Top of Data under study

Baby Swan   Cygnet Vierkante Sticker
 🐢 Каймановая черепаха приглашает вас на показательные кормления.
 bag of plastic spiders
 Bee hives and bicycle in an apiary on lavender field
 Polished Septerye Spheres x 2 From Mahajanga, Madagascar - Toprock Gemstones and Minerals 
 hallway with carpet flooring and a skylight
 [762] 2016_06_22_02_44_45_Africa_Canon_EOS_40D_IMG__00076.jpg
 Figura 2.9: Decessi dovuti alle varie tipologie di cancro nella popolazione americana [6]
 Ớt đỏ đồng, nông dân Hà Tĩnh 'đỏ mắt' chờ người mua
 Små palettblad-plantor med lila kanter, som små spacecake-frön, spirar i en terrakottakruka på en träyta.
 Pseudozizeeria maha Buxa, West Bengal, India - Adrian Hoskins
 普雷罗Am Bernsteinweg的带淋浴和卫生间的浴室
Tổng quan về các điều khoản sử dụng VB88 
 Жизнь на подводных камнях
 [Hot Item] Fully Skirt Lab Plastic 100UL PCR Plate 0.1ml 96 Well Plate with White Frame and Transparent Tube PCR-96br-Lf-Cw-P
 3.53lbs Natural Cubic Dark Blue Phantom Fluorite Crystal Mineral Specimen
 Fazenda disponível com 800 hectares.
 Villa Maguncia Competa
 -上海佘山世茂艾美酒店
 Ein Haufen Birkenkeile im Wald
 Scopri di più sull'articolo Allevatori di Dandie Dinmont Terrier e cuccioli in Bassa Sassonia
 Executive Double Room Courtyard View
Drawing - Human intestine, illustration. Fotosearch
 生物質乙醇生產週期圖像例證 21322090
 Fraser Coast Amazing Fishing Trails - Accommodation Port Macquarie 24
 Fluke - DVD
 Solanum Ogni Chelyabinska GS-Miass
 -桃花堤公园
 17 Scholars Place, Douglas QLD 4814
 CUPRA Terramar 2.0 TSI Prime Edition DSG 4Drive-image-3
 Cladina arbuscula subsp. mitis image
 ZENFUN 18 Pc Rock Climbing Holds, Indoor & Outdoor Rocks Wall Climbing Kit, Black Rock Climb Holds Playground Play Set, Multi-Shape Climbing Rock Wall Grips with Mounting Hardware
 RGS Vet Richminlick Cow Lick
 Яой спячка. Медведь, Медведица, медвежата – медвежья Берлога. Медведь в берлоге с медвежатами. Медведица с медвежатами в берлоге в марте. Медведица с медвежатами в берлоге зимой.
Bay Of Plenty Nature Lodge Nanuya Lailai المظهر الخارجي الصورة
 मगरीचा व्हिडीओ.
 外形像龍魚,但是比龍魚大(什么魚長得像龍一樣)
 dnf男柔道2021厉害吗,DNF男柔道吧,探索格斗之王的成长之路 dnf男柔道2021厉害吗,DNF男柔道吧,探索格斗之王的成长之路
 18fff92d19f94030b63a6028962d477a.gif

Bottom of Data under study

What needs to be done -> Your answer should hold exactly the lines from the one containing "外形像龍魚,但是比龍魚大(什么魚長得像龍一樣)" through the end of the entries above, and nothing else.

Expected output ->
 外形像龍魚,但是比龍魚大(什么魚長得像龍一樣)
 dnf男柔道2021厉害吗,DNF男柔道吧,探索格斗之王的成长之路 dnf男柔道2021厉害吗,DNF男柔道吧,探索格斗之王的成长之路
 18fff92d19f94030b63a6028962d477a.gif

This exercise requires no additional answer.